*Requirement*
Quote the lines from the line holding "明星俏佳人：阔太太胡静，嫁入豪门，气质，举止高贵十足贵妇范" to the very end of the listing, exactly, and no others.

*Dataset records*
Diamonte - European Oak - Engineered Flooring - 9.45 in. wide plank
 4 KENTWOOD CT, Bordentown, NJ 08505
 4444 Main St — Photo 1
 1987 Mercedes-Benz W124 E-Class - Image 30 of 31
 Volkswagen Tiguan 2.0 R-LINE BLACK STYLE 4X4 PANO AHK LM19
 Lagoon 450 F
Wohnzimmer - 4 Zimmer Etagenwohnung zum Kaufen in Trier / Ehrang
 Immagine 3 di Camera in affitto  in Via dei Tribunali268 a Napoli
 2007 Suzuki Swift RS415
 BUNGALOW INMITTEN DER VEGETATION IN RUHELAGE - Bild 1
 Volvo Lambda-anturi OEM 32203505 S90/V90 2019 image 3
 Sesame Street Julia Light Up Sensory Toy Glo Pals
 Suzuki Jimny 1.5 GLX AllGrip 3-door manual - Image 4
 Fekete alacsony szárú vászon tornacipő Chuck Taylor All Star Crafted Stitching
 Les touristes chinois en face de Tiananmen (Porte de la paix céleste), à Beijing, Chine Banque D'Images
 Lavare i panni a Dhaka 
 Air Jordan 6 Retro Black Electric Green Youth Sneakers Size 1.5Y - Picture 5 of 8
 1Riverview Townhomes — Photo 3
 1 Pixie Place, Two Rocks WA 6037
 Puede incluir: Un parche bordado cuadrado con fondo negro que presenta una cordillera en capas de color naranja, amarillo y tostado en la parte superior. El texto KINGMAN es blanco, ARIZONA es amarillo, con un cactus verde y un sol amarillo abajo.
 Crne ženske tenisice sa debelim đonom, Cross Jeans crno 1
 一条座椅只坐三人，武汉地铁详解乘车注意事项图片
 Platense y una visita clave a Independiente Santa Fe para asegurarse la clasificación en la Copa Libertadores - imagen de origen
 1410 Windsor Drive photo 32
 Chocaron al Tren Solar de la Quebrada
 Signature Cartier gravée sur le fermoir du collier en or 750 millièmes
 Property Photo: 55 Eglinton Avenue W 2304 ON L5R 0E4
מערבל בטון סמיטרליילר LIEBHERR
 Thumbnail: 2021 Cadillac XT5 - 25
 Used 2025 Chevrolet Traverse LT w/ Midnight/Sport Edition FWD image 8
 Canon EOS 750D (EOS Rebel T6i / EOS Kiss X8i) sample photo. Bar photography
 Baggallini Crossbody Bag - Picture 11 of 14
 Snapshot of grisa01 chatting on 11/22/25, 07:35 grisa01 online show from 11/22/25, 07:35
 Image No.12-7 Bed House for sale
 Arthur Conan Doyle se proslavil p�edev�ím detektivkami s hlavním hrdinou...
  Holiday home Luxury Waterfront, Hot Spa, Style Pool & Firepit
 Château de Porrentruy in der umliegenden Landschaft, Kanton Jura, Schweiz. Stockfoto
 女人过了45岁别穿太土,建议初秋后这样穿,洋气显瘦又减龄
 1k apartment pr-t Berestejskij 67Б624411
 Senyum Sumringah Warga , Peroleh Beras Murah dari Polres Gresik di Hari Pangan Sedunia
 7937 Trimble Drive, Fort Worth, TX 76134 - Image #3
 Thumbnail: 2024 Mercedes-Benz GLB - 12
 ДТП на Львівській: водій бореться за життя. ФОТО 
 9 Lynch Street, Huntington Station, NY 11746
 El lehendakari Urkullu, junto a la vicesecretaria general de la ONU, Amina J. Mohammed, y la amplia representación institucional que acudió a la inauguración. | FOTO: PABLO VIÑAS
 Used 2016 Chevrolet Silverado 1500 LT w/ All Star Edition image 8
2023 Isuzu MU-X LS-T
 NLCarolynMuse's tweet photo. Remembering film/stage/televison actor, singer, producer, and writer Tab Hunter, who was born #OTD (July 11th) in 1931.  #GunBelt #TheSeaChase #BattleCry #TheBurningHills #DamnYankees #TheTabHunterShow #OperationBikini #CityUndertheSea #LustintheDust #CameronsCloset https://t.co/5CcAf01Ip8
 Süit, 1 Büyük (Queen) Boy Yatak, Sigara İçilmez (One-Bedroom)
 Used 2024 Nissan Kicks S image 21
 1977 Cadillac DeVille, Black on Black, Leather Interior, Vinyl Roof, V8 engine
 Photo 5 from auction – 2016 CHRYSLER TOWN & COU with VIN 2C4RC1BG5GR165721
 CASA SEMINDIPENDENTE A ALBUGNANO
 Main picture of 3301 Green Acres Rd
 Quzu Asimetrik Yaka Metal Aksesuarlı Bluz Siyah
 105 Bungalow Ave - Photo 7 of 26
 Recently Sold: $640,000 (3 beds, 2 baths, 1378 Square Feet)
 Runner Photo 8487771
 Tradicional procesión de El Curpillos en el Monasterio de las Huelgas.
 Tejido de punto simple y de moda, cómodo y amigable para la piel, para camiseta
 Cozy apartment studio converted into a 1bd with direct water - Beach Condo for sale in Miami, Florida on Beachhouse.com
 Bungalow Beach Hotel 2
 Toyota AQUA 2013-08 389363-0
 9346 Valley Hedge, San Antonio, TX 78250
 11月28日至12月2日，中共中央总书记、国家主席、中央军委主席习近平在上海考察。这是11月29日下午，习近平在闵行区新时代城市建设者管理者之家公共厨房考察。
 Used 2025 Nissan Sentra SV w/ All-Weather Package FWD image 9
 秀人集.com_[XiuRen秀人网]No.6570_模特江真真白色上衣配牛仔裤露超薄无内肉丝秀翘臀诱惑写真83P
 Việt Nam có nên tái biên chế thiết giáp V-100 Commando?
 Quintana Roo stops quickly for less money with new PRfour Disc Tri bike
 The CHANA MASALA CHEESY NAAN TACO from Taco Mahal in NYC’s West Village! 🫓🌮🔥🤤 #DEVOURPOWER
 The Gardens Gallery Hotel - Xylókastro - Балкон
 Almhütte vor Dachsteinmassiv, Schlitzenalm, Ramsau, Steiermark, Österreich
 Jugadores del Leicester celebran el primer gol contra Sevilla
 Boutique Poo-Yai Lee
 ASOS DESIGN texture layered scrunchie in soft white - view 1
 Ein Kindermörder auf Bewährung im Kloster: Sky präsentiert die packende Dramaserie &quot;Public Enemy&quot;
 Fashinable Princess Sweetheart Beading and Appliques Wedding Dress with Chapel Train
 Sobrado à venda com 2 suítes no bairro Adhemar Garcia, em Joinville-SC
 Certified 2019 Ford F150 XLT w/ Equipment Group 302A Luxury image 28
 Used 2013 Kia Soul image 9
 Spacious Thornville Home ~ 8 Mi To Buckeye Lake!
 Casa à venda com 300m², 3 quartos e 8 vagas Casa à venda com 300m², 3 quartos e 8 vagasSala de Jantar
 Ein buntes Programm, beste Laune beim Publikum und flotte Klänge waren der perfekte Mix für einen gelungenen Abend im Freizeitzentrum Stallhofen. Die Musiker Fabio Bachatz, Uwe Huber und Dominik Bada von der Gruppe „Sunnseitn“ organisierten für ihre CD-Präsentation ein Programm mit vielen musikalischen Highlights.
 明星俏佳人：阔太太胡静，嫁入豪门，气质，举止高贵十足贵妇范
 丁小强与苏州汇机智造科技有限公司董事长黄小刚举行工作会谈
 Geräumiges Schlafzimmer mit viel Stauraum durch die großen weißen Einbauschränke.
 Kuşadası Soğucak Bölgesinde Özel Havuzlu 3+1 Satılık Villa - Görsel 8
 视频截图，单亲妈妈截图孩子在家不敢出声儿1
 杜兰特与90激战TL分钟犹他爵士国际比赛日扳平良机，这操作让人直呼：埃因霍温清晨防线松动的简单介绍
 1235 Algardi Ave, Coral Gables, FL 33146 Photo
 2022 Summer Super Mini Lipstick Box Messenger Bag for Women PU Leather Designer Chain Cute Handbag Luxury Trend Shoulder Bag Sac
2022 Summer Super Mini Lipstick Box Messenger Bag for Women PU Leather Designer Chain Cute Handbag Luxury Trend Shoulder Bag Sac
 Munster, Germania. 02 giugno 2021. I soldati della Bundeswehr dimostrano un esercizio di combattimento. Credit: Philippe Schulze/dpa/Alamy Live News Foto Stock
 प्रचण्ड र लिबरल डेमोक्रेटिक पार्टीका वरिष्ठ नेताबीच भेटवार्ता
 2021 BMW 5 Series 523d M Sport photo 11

*Exercise answer*
 明星俏佳人：阔太太胡静，嫁入豪门，气质，举止高贵十足贵妇范
 丁小强与苏州汇机智造科技有限公司董事长黄小刚举行工作会谈
 Geräumiges Schlafzimmer mit viel Stauraum durch die großen weißen Einbauschränke.
 Kuşadası Soğucak Bölgesinde Özel Havuzlu 3+1 Satılık Villa - Görsel 8
 视频截图，单亲妈妈截图孩子在家不敢出声儿1
 杜兰特与90激战TL分钟犹他爵士国际比赛日扳平良机，这操作让人直呼：埃因霍温清晨防线松动的简单介绍
 1235 Algardi Ave, Coral Gables, FL 33146 Photo
 2022 Summer Super Mini Lipstick Box Messenger Bag for Women PU Leather Designer Chain Cute Handbag Luxury Trend Shoulder Bag Sac
2022 Summer Super Mini Lipstick Box Messenger Bag for Women PU Leather Designer Chain Cute Handbag Luxury Trend Shoulder Bag Sac
 Munster, Germania. 02 giugno 2021. I soldati della Bundeswehr dimostrano un esercizio di combattimento. Credit: Philippe Schulze/dpa/Alamy Live News Foto Stock
 प्रचण्ड र लिबरल डेमोक्रेटिक पार्टीका वरिष्ठ नेताबीच भेटवार्ता
 2021 BMW 5 Series 523d M Sport photo 11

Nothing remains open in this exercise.